The effect is called 'persistence of vision'. A light that turns on and then off will appear on for longer than it actually was because the receptors in your eyes take time to refresh (reuptake of neurotransmitters). Human eyes weren't evolved to stare at unnatural points of bright light, obviously. When a light is turned on and off at a rate during the eye's refresh, the light appears on constantly. But altering the on and off time is perceived as different levels of brightness as the light comes on and off at different levels of the eye being refreshed.

So, duty cycle is a percentage of total time. A 100% duty cycle is a light that is at a constant HIGH, it really isn't blinking. A 50% duty cycle is a light that is on half of the time and off half of the time, and will not be perceived as bright. The particular timing of half on half off is a frequency which can vary. A light on for 5 seconds and off for 5 seconds and repeats is technically a 50% duty cycle, but for persistence of vision effect of course is too slow. Frequency is separate from duty cycle, many people conflate them. Just remember that duty cycle is absolute percentage of time being on given some window of sampling.

INTP: The effect is called 'persistence of vision'. A light that turns on and then off will appear on for longer than it actually was because the receptors in your eyes take time to refresh (reuptake of neurotransmitters). Human eyes weren't evolved to stare at unnatural points of bright light, obviously. When a light is turned on and off at a rate during the eye's refresh, the light appears on constantly. But altering the on and off time is perceived as different levels of brightness as the light comes on and off at different levels of the eye being refreshed.

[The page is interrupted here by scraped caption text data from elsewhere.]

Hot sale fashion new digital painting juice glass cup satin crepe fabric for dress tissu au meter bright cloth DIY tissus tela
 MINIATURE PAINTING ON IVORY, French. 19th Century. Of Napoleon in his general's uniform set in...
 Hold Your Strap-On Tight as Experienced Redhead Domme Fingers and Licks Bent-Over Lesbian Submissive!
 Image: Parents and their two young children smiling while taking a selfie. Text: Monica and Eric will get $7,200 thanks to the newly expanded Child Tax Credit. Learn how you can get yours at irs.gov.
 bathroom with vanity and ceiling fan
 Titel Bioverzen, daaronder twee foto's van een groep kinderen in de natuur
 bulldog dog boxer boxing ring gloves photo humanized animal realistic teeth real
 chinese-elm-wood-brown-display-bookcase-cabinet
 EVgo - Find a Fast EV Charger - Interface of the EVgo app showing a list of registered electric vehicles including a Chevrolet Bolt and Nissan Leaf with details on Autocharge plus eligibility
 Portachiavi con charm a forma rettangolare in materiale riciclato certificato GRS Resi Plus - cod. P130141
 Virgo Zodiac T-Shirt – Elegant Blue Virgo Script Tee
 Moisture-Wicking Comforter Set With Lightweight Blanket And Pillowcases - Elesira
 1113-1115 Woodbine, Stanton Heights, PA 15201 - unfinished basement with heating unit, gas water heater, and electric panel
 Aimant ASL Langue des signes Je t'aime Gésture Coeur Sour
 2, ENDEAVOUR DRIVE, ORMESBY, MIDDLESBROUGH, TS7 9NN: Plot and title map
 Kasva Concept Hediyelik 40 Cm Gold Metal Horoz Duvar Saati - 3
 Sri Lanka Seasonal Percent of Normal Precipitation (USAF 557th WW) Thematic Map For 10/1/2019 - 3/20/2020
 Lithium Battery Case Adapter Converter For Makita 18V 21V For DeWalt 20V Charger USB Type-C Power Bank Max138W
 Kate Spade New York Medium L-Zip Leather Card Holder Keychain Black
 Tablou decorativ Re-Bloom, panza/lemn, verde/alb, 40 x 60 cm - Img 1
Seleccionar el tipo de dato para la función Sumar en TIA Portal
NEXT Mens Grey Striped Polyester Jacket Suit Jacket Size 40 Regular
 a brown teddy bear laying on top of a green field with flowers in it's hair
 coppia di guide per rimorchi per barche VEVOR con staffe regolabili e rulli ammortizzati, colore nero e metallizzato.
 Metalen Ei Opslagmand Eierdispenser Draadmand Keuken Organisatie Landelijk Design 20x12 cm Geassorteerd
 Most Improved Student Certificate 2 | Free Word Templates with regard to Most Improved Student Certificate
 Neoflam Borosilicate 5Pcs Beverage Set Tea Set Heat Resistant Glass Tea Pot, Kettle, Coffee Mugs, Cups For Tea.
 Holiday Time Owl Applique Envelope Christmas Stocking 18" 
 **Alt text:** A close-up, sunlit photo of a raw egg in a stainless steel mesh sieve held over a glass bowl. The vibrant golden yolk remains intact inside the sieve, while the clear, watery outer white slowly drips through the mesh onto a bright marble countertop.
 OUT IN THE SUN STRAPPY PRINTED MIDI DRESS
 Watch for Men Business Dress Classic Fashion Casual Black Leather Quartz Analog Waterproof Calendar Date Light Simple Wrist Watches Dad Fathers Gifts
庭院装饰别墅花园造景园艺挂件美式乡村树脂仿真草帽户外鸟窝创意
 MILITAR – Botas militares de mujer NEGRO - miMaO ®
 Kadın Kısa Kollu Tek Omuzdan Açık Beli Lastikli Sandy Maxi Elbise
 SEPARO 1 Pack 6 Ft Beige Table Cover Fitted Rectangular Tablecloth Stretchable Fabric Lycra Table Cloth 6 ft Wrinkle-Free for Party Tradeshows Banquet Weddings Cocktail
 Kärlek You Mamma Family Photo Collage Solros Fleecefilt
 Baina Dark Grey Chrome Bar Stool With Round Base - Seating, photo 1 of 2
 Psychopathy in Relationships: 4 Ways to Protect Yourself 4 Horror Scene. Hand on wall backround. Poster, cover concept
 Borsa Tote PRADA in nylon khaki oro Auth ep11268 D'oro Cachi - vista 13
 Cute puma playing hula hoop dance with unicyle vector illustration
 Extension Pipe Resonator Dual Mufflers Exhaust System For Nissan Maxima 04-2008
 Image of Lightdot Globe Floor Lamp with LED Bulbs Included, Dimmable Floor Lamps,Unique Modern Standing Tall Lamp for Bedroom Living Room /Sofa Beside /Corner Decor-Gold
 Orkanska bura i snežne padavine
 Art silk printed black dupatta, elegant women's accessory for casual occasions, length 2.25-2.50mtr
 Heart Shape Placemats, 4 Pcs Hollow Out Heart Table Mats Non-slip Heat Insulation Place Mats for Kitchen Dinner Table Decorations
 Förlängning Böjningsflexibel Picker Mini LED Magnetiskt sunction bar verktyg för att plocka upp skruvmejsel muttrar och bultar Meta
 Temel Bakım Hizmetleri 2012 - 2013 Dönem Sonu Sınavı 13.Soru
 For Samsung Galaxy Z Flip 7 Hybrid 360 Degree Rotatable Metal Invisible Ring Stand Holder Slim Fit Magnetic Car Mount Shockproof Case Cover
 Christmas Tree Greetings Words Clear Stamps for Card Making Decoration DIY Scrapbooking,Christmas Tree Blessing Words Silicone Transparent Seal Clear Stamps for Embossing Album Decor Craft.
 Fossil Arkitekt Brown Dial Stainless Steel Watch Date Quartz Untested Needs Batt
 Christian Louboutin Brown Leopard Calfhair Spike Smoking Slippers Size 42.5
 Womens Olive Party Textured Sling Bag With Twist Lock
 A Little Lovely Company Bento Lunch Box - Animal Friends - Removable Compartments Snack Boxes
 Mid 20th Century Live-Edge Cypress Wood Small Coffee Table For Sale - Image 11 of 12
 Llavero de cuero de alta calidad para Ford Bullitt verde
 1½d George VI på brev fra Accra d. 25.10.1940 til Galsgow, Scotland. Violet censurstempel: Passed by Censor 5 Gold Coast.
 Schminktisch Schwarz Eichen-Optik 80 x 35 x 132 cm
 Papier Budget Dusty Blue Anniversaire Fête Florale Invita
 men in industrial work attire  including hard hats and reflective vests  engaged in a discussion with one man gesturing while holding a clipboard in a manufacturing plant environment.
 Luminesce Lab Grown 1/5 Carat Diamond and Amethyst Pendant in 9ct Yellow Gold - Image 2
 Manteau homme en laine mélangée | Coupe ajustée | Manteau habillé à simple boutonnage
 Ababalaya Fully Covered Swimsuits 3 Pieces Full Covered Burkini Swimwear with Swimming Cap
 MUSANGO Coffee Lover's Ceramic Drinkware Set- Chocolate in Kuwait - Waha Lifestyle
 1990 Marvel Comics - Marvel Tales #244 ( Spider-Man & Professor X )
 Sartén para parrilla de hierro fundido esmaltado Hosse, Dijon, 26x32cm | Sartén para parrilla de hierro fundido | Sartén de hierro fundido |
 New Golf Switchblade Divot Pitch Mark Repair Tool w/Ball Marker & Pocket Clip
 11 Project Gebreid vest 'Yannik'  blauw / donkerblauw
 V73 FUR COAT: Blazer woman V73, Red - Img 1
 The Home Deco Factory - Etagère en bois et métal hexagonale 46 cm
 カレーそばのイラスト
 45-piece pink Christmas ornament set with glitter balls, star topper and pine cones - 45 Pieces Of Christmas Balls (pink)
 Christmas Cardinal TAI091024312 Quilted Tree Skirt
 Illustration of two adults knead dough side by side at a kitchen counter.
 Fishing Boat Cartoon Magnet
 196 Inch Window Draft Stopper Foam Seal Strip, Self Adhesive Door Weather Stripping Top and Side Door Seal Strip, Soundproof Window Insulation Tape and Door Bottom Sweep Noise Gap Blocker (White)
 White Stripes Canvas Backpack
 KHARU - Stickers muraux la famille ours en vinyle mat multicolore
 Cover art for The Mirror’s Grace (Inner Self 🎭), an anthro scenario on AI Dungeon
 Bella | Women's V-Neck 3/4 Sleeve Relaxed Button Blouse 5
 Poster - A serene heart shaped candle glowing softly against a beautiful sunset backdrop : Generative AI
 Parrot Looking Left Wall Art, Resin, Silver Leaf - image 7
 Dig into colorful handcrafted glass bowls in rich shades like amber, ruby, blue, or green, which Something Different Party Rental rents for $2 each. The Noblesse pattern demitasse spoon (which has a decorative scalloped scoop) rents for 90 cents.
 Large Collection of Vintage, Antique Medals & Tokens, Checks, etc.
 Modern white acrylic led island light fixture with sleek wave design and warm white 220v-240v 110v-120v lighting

So, duty cycle is a percentage of total time. A 100% duty cycle is a light that is at a constant HIGH, it really isn't blinking. A 50% duty cycle is a light that is on half of the time and off half of the time, and will not be perceived as bright. The particular timing of half on half off is a frequency which can vary. A light on for 5 seconds and off for 5 seconds and repeats is technically a 50% duty cycle, but for persistence of vision effect of course is too slow. Frequency is separate from duty cycle, many people conflate them. Just remember that duty cycle is absolute percentage of time being on given some window of sampling.

Since you're amazing. Thanks, INTP! General question this does not stress the component compared to constant 100% HIGH, in this case the LED?

The LED is not stressed as long as it's running under its recommended current. For discrete 3mm, 5mm, SMD LEDs, that's often 20mA.

hellophant: Since you're amazing. Thanks, INTP! General question this does not stress the component compared to constant 100% HIGH, in this case the LED?

Constant 100% duty cycle is how basically all LEDs will be operating. The PWM/analogWrite stuff is the rarer scenario. The indicator LEDs on you computer, devices, microwave, car, these are all 100% duty cycle. What kills LEDs is the current passing through them. It is recommended to keep current for most 'regular' LEDs below 20mA, but they don't suddenly die at 21mA, of course. Depending on the LED, and reading the data sheet, they will sometimes say something like 'max current @ __% duty cycle (or pulse duration in ms) is __mA' some amount much higher than the 20mA or constant current rating.